To test the predictions we performed a large number of simulations using different values for *σ*_{rc} and *σ*_{m}. (We used *σ*_{rc} ∈ {1, 1.2, 1.4, …, 5} and *σ*_{m} ∈ {0.0671, 0.100, 0.134, …, 0.671} in all 21 × 19 = 399 combinations.) As a simple proxy for the presence of colonies, we measured the variance of the (smoothed) population density (KDE) over space. To identify the dominant wavelength in the density pattern, we calculated the Fourier transform of the KDE and selected the mode with the largest amplitude.

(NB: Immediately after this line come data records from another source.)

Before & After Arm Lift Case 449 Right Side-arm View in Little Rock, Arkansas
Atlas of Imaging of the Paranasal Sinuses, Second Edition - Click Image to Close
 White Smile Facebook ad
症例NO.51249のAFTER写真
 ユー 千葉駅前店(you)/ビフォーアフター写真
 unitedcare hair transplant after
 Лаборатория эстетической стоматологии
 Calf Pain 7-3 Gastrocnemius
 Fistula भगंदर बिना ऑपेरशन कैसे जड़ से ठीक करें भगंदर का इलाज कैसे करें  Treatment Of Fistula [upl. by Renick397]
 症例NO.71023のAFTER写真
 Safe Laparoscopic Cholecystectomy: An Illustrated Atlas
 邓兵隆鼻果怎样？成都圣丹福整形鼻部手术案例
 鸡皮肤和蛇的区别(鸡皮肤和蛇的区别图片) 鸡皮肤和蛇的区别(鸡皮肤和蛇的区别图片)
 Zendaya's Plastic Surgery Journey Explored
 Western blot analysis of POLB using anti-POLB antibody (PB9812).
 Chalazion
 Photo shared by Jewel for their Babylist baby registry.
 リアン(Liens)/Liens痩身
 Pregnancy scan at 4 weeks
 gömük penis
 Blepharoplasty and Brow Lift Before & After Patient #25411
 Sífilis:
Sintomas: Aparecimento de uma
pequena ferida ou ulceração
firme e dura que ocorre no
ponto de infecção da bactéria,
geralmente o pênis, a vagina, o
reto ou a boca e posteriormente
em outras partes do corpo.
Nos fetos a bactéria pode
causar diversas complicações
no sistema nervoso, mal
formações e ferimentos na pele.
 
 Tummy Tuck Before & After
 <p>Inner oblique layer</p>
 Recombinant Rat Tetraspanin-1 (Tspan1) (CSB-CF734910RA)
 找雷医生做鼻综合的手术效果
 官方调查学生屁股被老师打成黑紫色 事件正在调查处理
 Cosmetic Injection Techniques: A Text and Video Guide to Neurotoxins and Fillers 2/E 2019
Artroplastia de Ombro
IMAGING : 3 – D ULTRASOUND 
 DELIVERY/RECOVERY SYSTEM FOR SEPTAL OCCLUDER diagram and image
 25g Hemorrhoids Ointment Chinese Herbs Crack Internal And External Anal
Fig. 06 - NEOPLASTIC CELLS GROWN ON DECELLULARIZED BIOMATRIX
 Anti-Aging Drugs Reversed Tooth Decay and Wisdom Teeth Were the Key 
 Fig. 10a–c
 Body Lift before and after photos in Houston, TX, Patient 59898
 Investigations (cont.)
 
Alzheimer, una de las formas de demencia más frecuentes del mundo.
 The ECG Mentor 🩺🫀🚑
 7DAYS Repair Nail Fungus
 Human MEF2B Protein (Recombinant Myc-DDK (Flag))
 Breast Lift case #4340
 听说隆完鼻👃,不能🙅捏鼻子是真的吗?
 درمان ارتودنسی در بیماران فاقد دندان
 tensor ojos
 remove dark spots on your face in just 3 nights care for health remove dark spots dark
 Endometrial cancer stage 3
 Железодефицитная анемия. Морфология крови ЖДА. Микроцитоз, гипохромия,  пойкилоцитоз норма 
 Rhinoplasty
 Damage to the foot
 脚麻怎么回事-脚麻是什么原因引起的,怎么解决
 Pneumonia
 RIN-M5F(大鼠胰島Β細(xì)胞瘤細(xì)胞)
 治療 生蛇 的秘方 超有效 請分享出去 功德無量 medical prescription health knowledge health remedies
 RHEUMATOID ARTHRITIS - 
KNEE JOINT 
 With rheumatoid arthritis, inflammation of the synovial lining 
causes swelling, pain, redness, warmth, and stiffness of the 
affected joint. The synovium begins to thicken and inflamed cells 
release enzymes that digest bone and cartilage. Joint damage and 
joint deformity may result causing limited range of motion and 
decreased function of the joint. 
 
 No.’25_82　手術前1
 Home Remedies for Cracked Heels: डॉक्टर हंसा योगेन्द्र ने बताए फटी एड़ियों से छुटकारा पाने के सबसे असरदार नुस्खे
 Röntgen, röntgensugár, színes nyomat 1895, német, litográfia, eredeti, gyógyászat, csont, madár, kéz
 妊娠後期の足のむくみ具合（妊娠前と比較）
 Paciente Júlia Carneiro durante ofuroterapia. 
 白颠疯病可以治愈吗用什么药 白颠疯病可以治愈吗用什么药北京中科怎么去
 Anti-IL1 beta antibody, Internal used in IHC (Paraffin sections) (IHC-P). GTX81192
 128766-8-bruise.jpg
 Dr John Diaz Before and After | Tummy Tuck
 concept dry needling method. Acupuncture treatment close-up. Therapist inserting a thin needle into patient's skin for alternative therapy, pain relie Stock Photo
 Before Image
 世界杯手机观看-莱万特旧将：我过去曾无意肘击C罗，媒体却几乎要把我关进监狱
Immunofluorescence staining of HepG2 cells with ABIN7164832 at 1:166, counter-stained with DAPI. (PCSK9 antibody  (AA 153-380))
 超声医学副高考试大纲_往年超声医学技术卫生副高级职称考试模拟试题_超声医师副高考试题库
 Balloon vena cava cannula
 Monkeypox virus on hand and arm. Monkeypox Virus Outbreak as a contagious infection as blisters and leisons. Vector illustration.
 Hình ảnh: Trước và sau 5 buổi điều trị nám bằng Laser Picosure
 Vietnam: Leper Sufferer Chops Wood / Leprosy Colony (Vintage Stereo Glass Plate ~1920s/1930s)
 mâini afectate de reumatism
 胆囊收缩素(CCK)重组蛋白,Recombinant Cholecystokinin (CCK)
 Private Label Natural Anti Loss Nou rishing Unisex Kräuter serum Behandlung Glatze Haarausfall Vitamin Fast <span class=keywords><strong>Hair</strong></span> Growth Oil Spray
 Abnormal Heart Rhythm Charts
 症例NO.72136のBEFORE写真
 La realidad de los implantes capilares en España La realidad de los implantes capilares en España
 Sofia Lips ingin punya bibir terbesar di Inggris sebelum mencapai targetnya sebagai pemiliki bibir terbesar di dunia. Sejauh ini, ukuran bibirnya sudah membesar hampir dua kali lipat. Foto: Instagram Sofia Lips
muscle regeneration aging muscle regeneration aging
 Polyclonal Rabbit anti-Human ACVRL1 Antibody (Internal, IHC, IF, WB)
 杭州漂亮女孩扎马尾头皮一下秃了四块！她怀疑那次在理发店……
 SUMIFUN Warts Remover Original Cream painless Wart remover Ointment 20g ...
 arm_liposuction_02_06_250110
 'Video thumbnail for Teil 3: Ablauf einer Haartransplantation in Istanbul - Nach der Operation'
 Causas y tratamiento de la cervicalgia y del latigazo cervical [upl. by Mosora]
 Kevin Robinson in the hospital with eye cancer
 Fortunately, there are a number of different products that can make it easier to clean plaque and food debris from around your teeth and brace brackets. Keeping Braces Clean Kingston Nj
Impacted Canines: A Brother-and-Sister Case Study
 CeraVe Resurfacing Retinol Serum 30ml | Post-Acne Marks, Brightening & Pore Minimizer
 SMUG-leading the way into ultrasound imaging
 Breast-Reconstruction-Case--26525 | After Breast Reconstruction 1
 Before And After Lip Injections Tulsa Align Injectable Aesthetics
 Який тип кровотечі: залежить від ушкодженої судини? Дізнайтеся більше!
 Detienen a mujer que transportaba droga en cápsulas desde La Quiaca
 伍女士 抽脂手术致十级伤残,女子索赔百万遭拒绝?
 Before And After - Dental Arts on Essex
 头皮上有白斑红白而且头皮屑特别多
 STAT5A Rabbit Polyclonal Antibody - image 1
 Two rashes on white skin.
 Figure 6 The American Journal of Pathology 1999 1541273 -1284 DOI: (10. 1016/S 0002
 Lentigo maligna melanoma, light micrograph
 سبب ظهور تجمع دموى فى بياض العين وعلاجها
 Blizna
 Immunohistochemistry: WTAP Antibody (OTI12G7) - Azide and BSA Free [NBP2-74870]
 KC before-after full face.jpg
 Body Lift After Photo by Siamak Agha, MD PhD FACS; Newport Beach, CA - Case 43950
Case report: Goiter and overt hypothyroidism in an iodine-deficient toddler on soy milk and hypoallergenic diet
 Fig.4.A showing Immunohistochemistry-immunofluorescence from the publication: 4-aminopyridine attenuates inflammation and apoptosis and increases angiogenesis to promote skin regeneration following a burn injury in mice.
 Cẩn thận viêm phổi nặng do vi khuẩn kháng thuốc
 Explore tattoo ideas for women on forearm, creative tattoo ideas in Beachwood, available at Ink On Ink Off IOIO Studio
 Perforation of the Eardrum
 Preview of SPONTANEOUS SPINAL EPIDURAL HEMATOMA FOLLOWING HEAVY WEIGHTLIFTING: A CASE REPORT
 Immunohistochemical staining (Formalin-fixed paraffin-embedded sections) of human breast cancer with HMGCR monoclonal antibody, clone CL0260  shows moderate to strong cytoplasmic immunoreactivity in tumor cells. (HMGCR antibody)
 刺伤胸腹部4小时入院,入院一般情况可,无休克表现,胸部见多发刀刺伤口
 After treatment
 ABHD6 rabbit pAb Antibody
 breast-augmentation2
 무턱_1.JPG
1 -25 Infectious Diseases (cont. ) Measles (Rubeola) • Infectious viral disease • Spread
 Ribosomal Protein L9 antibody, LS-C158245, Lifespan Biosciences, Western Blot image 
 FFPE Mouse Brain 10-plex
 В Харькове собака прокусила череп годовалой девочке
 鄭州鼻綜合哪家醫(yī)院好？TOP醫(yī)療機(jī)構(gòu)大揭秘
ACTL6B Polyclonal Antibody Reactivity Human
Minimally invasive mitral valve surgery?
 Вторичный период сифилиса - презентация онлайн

The simulations were performed as usual and using default parameters except for the following adjustments:

All individuals were initialized with a trait value

*ϕ*= 0.05.In these simulations, we were interested in the ecological patterns of a population with fixed

*ϕ*; therefore the mutation rate was set to*µ*= 0 to disable evolution.The simulation was run for

*T*= 2 400 generations. (The colonies establish very rapidly.)Starting at

*t*= 400 generations, after each time interval of 80 generations the following analysis was performed:Calculate a KDE using a Gaussian kernel with standard deviation/bandwidth

*σ*_{a}/2.Calculate the variance of this KDE.

Calculate the Fourier transform of the KDE and identify the wave number with the largest amplitude.

After the simulation, the mean value of the variance was reported. It is this variance that is plotted in Fig 3c and Fig. S2e. Also, the mean value of the wave number with the largest amplitude was reported; this wave number was transformed to a wave length, which was plotted in Fig. S2f.